No Other Land è stato improvvisamente sottratto dal palinsesto Rai previsto per il 7 ottobre, secondo quanto ricostruito da Il Fatto Quotidiano. La vicenda, descritta come frutto di un’«imposizione dall’alto», ha suscitato polemiche e interrogativi sul funzionamento interno del servizio pubblico. Dopo un annuncio iniziale la programmazione è stata cambiata in pochi giorni, lasciando molte domande aperte sull’origine e sulle responsabilità della decisione.
Il lavoro in questione è un documentario pluripremiato e proiettato con successo nei principali festival internazionali: si tratta di un ritratto corale della resistenza palestinese in Cisgiordania che ha raccolto il plauso della critica per la sua prospettiva umana e composita. La qualità cinematografica e il valore informativo dell’opera sono stati ampiamente riconosciuti, tanto da valergli visibilità e attenzioni nel circuito culturale internazionale.
La scelta di programmare la trasmissione proprio il 7 ottobre non era casuale: la data coincide con il secondo anniversario dell’attacco di Hamas a Israele, una ricorrenza particolarmente sensibile. L’intento dichiarato da chi aveva deciso la messa in onda era di offrire una narrazione alternativa, meno binaria e più orientata all’umanità delle persone coinvolte, proponendo al pubblico un punto di vista differente sulle dinamiche del conflitto mediorientale.

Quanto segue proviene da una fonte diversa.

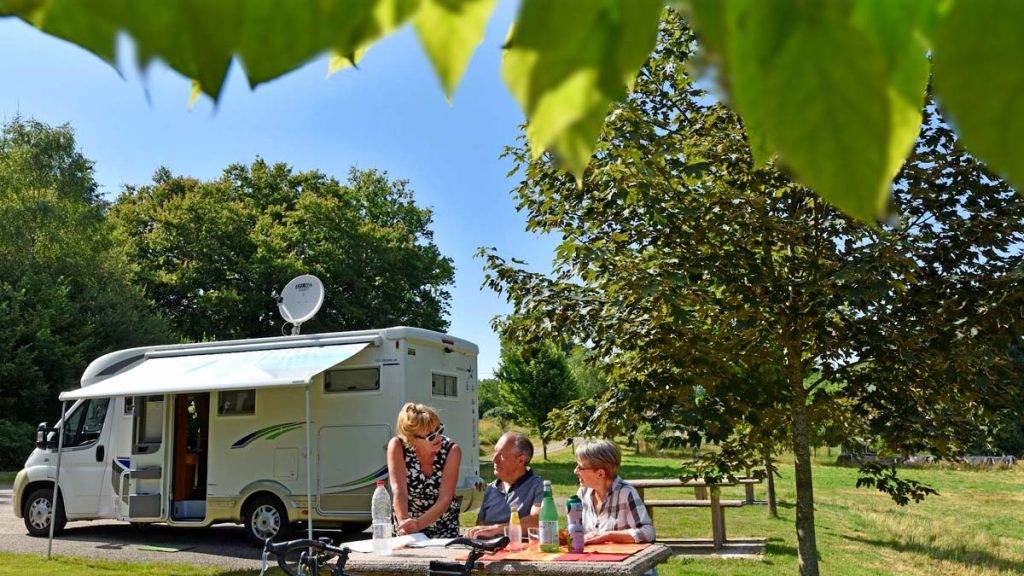 Bon plan pour les voyageurs en camping-car : cette aire écoresponsable avec 49 emplacements spacieux à deux pas de la plage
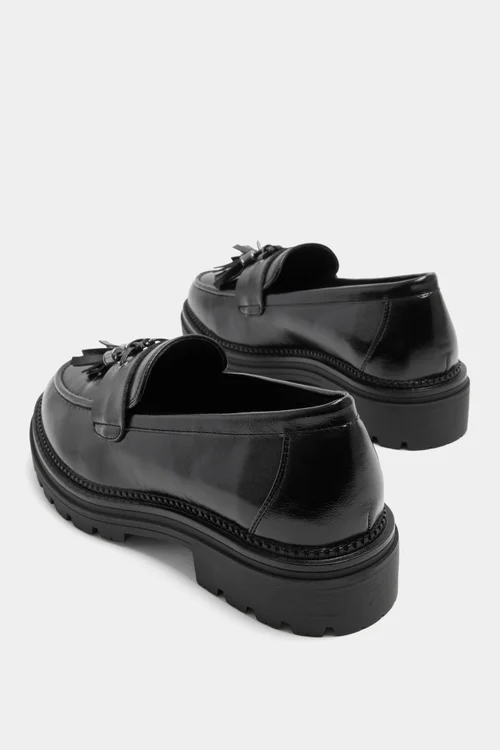 Yours Black Tassel Faux Leather Loafers In Wide E Fit - 4 Wide Image 4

La trasmissione era stata formalmente discussa e approvata nelle sedi interne della Rai e annunciata pubblicamente il 25 settembre a Roma da Adriano De Maio, direttore dell’area Cinema e Serie TV. Fonti interne riferiscono che la decisione di includere il film nel palinsesto era frutto di un percorso editoriale e professionale compiuto all’interno della struttura di Viale Mazzini, con l’intenzione di aprire un confronto pubblico sul tema.
Pochi giorni dopo l’annuncio, però, sarebbe intervenuta una telefonata definita di «natura politica», fonte che al momento resta ignota. Secondo le ricostruzioni, questa chiamata avrebbe indotto la Rai a rivedere i piani in tempi rapidissimi: una retromarcia che molti testimoni interni hanno definito come una forma di pressione esterna sulla programmazione del servizio pubblico. Si parla di una telefonata dall’alto che ha cambiato la tabella di marcia già fissata.
Il cambiamento è stato formalizzato con un comunicato nel quale si annunciava che «Martedì 7 ottobre Rai dedicherà alla ricorrenza e alla situazione in Medio Oriente uno spazio informativo in prima serata». Contestualmente il documentario è stato spostato: la nuova data comunicata è il 21 ottobre, in onda sempre in prima serata su Rai 3. La soluzione tecnica risponde alla necessità di evitare sovrapposizioni, ma non ha placato le polemiche politiche e culturali suscitate dalla decisione.
La vicenda ha alimentato accuse di censura e di ingerenza politica, riaprendo il dibattito su indipendenza editoriale e ruolo del servizio pubblico. Diversi commentatori e addetti ai lavori hanno sottolineato come la scelta di rinviare un prodotto culturale già approvato possa ledere la credibilità della Rai e minare la fiducia del pubblico nella sua autonomia nella scelta dei contenuti.
Dietro il documentario non ci sono solo questioni editoriali ma anche storie personali drammatiche: tra i protagonisti del film e i suoi autori si segnalano episodi recenti di violenza e repressione. Basel Adra, uno dei registi, è stato recentemente investito da coloni e ha subito l’occupazione della propria abitazione; a marzo Hamdan Ballal è stato picchiato e arrestato dall’esercito israeliano; e quest’estate l’attivista Odeh Hadalin, ritratto nel film, è stato ucciso da un colono in Cisgiordania. Questi fatti sottolineano la concretezza e la gravità del contesto narrato.
La dinamica del rinvio pone interrogativi non solo sulla singola programmazione ma anche sulla gestione dei contenuti sensibili in televisione pubblica e sul dovere di garantire al pubblico accesso a informazioni e storie diverse. Molti osservatori chiedono maggiore trasparenza sulle ragioni ufficiali del cambiamento e una chiara spiegazione dei criteri che guidano la scelta dei palinsesti in situazioni di alta tensione politica.